I’m rather fond of the Courrier New and Frankling Gothic Italics, myself.

As an added bit of trivia, the word ampersand comes from 19th century schoolchildren being made to recite the alphabet. & came at the end following Z. The children were specifically taught that certain characters were, by themselves, whole words. When the teacher pointed to the first letter, they were taught to say “A, per se, ‘a’.” (A, by itself, is “a”.) When the teacher pointed to the ninth letter, the children were taught to say “I, per se, ‘I’.” And when the teacher pointed to the last character, the children were taught to say, “And, per se, ‘and’.” The children, of course, had no idea what this meant, and slurred the words together, and at least an entire generation grew up thinking they were being taught that the name of this symbol was ampersand. Which it now is.

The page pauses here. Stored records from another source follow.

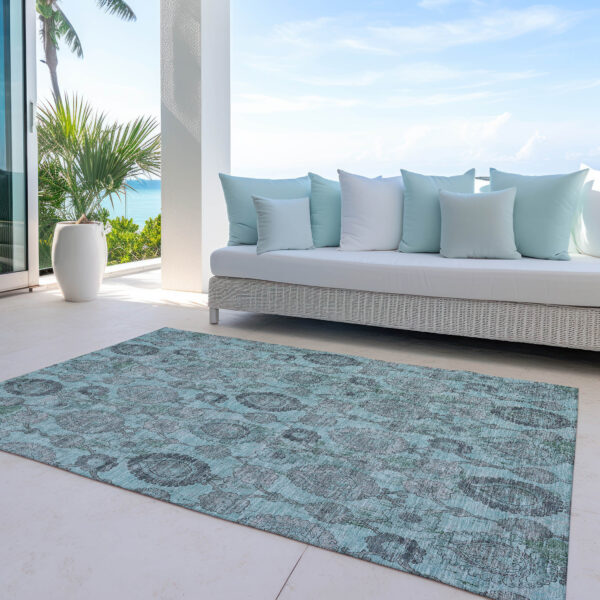 5' X 8' Turquoise Gray And Charcoal Damask Washable Indoor Outdoor Area Rug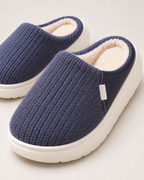 Men's Warm Slippers - Knitted Thick Sole Style, close detail of verified construction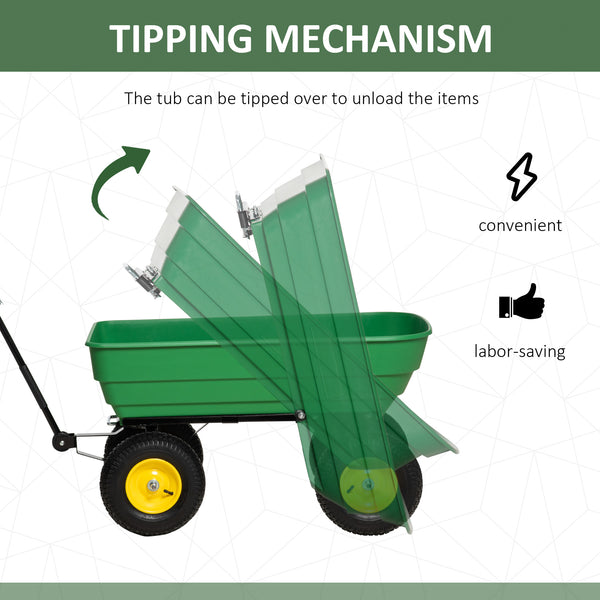 Heavy Duty 125L 4 Wheel Tilting Garden Cart, Green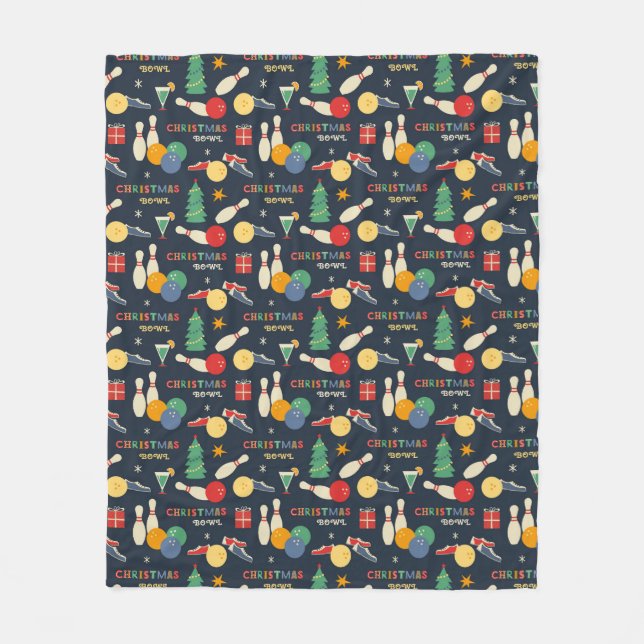 Retro Christmas Bowling Pattern Fleecedecke (Vorderseite)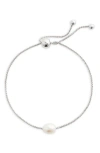 Nordstrom Demi Fine Freshwater Pearl Slider Bracelet In Sterling Silver Plated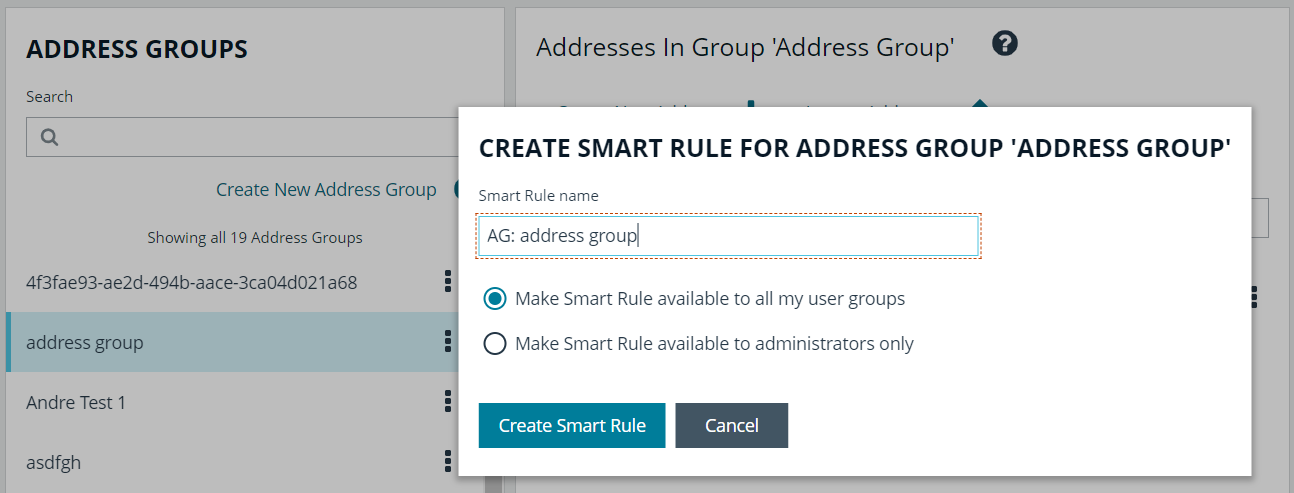 Create Smart Rule from Address Group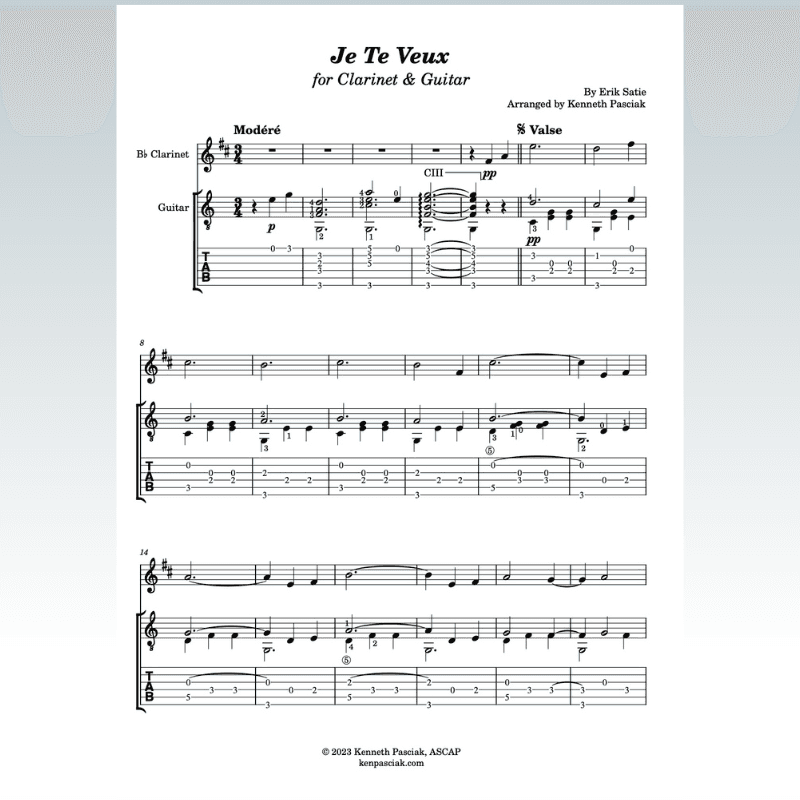 Je Te Veux (for Clarinet & Guitar) (arr. Kenneth Pasciak)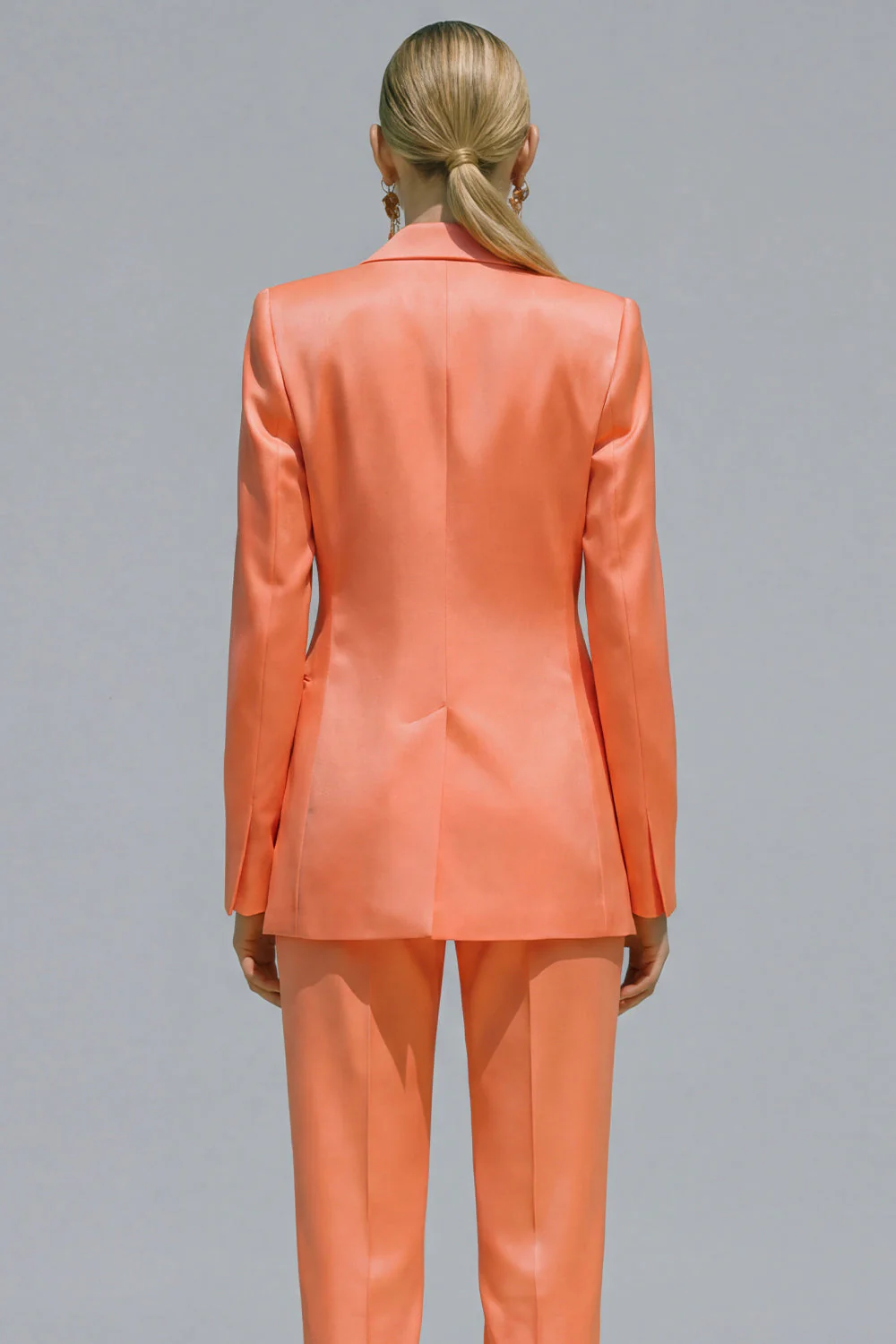 Costumes de travail féminins à revers cranté orange en deux pièces à un bouton - Image 4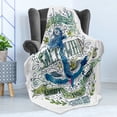 thumbnail image 4 of Marine Soft Flannel Fleece Throw Blanket, Anchor Salt and Wind 1906 Liberty Amity Stormy Ocean Ghost Ship Old Sailor, Cozy Plush for Indoor and Outdoor Use, 50" x 70", Multicolor, by Ambesonne, 4 of 5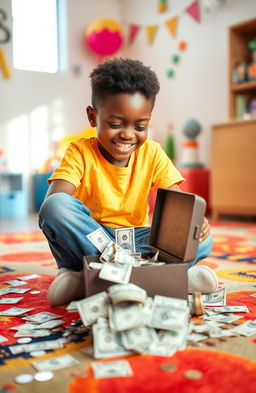 A young Black boy with a joyful expression, sitting cross-legged on a colorful rug, surrounded by scattered dollar bills and coins, looking curiously at an open shoebox filled with more money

I was going to nitpick this as I’d always parsed it as “and so on or and so forth”, but checked out some online sources and many of them use the phrasing: “and the others, and so of the rest”.

In my writing I commonly resort to et al. short for et alia: “and others.” The prime difference is that et cetera commonly refers to objects and list items whereas et alia refers exclusively to persons (quite often the remainder of the authors of a paper in my case).

-DF

That type of symbol, merging the e and the t in et, is called a Tironian note – from the type of shorthand found in ancient and mediaeval manuscripts, and called after Cicero’s secretary.

One of my minor fields was Latin palaeography, and I took several courses in learning to decipher the various old hands (both bookhand and notarial). There is a terrific, standard dictionary for the various symbols compiled by Capelli.

The third picture on this link

http://www.evellum.com/ductus/demo/engine/ductus/frames/terms/tironian_notes.html

is an et or ampersand from a mediaeval manuscript.

This link
http://vindolanda.csad.ox.ac.uk/tablets/TVIIcat-shand.shtml

shows you examples of the Vindolanda Letters, found near Hadrian’s Wall, and dating from the early second century. (Scroll down for the link to the samples). You can see the Vindolanda Letters on display in the British Museum, and if you toddle up to the British Library, there are quite a number of manuscripts on display.

A lovely book to see the scripts and samples of the writing from the first century AD until about the 17th is Michelle Brown’s *A Guide to Western Historical Scripts from Antiquity to 1600 *(1990) She is one of the people I studied with.

Probably more than you wanted to know, but it is one of my favourite subjects! :slight_smile:

Et alii means “and other people” (a male or a mixed group); et aliae means “and other people” (an exculsively female group); et alia means “and other things”. Any of them can be abbreviated et al.. Et cetera means “and the rest”. As originally construed, et cetera is neuter so it should refer only to things, not people. But many careful writers and writing authorities no longer follow that stricture.